The review will exclude studies that involve other youth mentoring programs that do not use the CASA model of using community lay volunteers to represent the interests of foster children in the context of dependency court processes through the child welfare system.
3.1.4 Types of outcome measures
The outcome measures of interest for this review directly relate to the federally-mandated goals of the child welfare system, and to the outcome domains purported to be targets of CASA intervention: safety, permanency, and well-being.
The specific outcome variables as described in the objectives of this protocol are: permanency outcome (adoption, reunification, or long-term foster care), case duration (i.e., number of days or months the case is open), placement stability (i.e., the total number of placements or total number of placement changes experienced by a child while in care), and recidivism (re-referral to child welfare or re-entry to foster care within a designated follow-up period).
The outcome measures related to case outcome, case duration, and placement stability align with the target outcome domain of permanency. The outcome measure of placement stability also aligns with the outcome domain of well-being, as placement disruptions have been demonstrated to be negatively associated with the emotional/behavioral well-being of foster children (Rubin et al., 2007). Other aspects of children's well-being might or might not be supported or improved by CASA, but this review is limited to the evaluation of placement stability because this is the only measure in this domain for which there are available data. Finally, the outcome measure of maltreatment recurrence/recidivism is related to the outcome domain of child safety.
3.1.5 Duration of follow-up
The review will include studies involving cases that have reached their final outcome/closure as of study publication.
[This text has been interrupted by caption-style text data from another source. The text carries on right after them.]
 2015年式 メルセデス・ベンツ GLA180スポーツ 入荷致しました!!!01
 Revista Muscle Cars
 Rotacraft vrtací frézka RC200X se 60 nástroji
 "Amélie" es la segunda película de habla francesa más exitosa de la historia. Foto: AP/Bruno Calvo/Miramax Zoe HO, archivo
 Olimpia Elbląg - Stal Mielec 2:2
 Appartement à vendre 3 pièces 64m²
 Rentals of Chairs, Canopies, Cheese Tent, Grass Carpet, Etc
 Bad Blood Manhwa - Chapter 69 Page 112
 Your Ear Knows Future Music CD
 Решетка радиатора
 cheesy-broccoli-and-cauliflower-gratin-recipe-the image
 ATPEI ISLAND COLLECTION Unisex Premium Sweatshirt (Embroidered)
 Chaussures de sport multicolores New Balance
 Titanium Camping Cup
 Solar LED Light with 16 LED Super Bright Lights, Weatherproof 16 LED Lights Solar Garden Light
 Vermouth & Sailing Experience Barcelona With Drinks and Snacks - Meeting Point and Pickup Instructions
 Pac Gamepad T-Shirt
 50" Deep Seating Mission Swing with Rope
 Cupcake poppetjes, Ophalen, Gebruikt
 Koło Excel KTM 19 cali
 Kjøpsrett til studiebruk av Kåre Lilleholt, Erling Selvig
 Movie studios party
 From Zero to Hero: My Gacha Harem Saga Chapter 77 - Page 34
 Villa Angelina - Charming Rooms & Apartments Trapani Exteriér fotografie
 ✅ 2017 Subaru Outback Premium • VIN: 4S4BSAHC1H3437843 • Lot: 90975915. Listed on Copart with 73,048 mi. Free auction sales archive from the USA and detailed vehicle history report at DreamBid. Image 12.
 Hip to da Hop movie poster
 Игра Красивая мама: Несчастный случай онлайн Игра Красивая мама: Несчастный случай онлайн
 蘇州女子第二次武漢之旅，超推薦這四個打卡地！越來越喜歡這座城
Because the duration of follow-up will vary across studies, the number of months post-intervention that data were collected will be coded as a variable and included in the analysis.
Reports of intermediate outcomes on pending cases (i.e. cases that were still open and pending final disposition at study publication) will be excluded from the analysis, as they cannot provide information on the effectiveness of the intervention without having reached a final outcome.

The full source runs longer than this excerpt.